[TRY IT]
Transcribe the entries exactly as each line appears.

Brief descriptive captions

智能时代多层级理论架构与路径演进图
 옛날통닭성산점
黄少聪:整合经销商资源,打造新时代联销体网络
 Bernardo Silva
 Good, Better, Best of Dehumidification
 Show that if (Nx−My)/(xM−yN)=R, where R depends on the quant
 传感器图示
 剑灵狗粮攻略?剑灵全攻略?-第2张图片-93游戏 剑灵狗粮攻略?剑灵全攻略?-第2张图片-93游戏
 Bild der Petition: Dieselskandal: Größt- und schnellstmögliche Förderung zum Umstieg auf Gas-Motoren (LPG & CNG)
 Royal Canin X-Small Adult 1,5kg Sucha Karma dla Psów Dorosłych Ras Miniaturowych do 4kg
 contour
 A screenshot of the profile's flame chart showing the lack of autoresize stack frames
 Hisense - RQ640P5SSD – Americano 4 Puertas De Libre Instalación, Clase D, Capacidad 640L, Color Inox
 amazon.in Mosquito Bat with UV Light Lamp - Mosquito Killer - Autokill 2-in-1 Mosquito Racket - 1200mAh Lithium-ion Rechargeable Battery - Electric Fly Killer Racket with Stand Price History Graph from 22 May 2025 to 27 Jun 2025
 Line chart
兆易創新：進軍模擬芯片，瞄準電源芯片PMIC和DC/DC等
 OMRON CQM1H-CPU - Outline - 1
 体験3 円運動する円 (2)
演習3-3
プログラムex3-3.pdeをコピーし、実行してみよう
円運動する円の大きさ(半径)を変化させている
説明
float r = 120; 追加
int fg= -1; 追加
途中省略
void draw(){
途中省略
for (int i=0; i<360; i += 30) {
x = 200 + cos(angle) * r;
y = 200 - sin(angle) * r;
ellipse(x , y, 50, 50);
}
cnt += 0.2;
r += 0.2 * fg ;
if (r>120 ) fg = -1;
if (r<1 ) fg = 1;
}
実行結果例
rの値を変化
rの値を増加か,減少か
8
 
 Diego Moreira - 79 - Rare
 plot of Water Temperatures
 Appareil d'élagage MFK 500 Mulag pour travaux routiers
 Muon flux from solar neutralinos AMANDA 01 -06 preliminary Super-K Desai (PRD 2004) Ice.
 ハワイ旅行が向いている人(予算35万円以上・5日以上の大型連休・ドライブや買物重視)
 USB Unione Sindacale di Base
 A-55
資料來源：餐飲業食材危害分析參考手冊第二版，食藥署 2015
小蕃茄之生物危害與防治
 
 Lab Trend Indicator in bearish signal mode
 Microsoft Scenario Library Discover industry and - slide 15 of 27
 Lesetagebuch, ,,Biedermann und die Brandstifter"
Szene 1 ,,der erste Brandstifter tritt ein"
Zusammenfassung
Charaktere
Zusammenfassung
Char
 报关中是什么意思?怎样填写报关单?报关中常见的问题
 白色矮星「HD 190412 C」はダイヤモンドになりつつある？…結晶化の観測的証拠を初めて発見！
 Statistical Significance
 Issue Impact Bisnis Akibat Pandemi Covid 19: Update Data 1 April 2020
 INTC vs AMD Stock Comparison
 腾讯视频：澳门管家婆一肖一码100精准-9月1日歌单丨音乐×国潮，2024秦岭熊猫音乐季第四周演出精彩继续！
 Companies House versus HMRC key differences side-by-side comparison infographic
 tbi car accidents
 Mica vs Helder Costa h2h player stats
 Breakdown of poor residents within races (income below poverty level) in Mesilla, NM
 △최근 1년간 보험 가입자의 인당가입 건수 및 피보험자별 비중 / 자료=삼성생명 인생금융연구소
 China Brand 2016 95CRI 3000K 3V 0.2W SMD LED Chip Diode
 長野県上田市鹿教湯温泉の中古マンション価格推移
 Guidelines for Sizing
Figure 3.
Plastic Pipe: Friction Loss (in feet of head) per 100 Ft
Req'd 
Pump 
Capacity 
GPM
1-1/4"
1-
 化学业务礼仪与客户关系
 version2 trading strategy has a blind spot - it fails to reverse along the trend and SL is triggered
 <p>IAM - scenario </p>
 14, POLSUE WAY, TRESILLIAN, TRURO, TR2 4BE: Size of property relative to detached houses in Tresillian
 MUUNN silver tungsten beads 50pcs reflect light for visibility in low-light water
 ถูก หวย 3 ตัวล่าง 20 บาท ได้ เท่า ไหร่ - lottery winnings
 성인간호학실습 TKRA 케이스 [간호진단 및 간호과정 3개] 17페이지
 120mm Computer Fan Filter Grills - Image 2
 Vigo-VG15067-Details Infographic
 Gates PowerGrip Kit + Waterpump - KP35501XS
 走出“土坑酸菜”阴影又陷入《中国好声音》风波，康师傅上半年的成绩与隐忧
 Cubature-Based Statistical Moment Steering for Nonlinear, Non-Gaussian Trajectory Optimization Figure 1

[TASK RESPONSE]
智能时代多层级理论架构与路径演进图
 옛날통닭성산점
黄少聪:整合经销商资源,打造新时代联销体网络
 Bernardo Silva
 Good, Better, Best of Dehumidification
 Show that if (Nx−My)/(xM−yN)=R, where R depends on the quant
 传感器图示
 剑灵狗粮攻略?剑灵全攻略?-第2张图片-93游戏 剑灵狗粮攻略?剑灵全攻略?-第2张图片-93游戏
 Bild der Petition: Dieselskandal: Größt- und schnellstmögliche Förderung zum Umstieg auf Gas-Motoren (LPG & CNG)
 Royal Canin X-Small Adult 1,5kg Sucha Karma dla Psów Dorosłych Ras Miniaturowych do 4kg
 contour
 A screenshot of the profile's flame chart showing the lack of autoresize stack frames
 Hisense - RQ640P5SSD – Americano 4 Puertas De Libre Instalación, Clase D, Capacidad 640L, Color Inox
 amazon.in Mosquito Bat with UV Light Lamp - Mosquito Killer - Autokill 2-in-1 Mosquito Racket - 1200mAh Lithium-ion Rechargeable Battery - Electric Fly Killer Racket with Stand Price History Graph from 22 May 2025 to 27 Jun 2025
 Line chart
兆易創新：進軍模擬芯片，瞄準電源芯片PMIC和DC/DC等
 OMRON CQM1H-CPU - Outline - 1
 体験3 円運動する円 (2)
演習3-3
プログラムex3-3.pdeをコピーし、実行してみよう
円運動する円の大きさ(半径)を変化させている
説明
float r = 120; 追加
int fg= -1; 追加
途中省略
void draw(){
途中省略
for (int i=0; i<360; i += 30) {
x = 200 + cos(angle) * r;
y = 200 - sin(angle) * r;
ellipse(x , y, 50, 50);
}
cnt += 0.2;
r += 0.2 * fg ;
if (r>120 ) fg = -1;
if (r<1 ) fg = 1;
}
実行結果例
rの値を変化
rの値を増加か,減少か
8
 
 Diego Moreira - 79 - Rare
 plot of Water Temperatures
 Appareil d'élagage MFK 500 Mulag pour travaux routiers
 Muon flux from solar neutralinos AMANDA 01 -06 preliminary Super-K Desai (PRD 2004) Ice.
 ハワイ旅行が向いている人(予算35万円以上・5日以上の大型連休・ドライブや買物重視)
 USB Unione Sindacale di Base
 A-55
資料來源：餐飲業食材危害分析參考手冊第二版，食藥署 2015
小蕃茄之生物危害與防治
 
 Lab Trend Indicator in bearish signal mode
 Microsoft Scenario Library Discover industry and - slide 15 of 27
 Lesetagebuch, ,,Biedermann und die Brandstifter"
Szene 1 ,,der erste Brandstifter tritt ein"
Zusammenfassung
Charaktere
Zusammenfassung
Char
 报关中是什么意思?怎样填写报关单?报关中常见的问题
 白色矮星「HD 190412 C」はダイヤモンドになりつつある？…結晶化の観測的証拠を初めて発見！
 Statistical Significance
 Issue Impact Bisnis Akibat Pandemi Covid 19: Update Data 1 April 2020
 INTC vs AMD Stock Comparison
 腾讯视频：澳门管家婆一肖一码100精准-9月1日歌单丨音乐×国潮，2024秦岭熊猫音乐季第四周演出精彩继续！
 Companies House versus HMRC key differences side-by-side comparison infographic
 tbi car accidents
 Mica vs Helder Costa h2h player stats
 Breakdown of poor residents within races (income below poverty level) in Mesilla, NM
 △최근 1년간 보험 가입자의 인당가입 건수 및 피보험자별 비중 / 자료=삼성생명 인생금융연구소
 China Brand 2016 95CRI 3000K 3V 0.2W SMD LED Chip Diode
 長野県上田市鹿教湯温泉の中古マンション価格推移
 Guidelines for Sizing
Figure 3.
Plastic Pipe: Friction Loss (in feet of head) per 100 Ft
Req'd 
Pump 
Capacity 
GPM
1-1/4"
1-
 化学业务礼仪与客户关系
 version2 trading strategy has a blind spot - it fails to reverse along the trend and SL is triggered
 <p>IAM - scenario </p>
 14, POLSUE WAY, TRESILLIAN, TRURO, TR2 4BE: Size of property relative to detached houses in Tresillian
 MUUNN silver tungsten beads 50pcs reflect light for visibility in low-light water
 ถูก หวย 3 ตัวล่าง 20 บาท ได้ เท่า ไหร่ - lottery winnings
 성인간호학실습 TKRA 케이스 [간호진단 및 간호과정 3개] 17페이지
 120mm Computer Fan Filter Grills - Image 2
 Vigo-VG15067-Details Infographic
 Gates PowerGrip Kit + Waterpump - KP35501XS
 走出“土坑酸菜”阴影又陷入《中国好声音》风波，康师傅上半年的成绩与隐忧
 Cubature-Based Statistical Moment Steering for Nonlinear, Non-Gaussian Trajectory Optimization Figure 1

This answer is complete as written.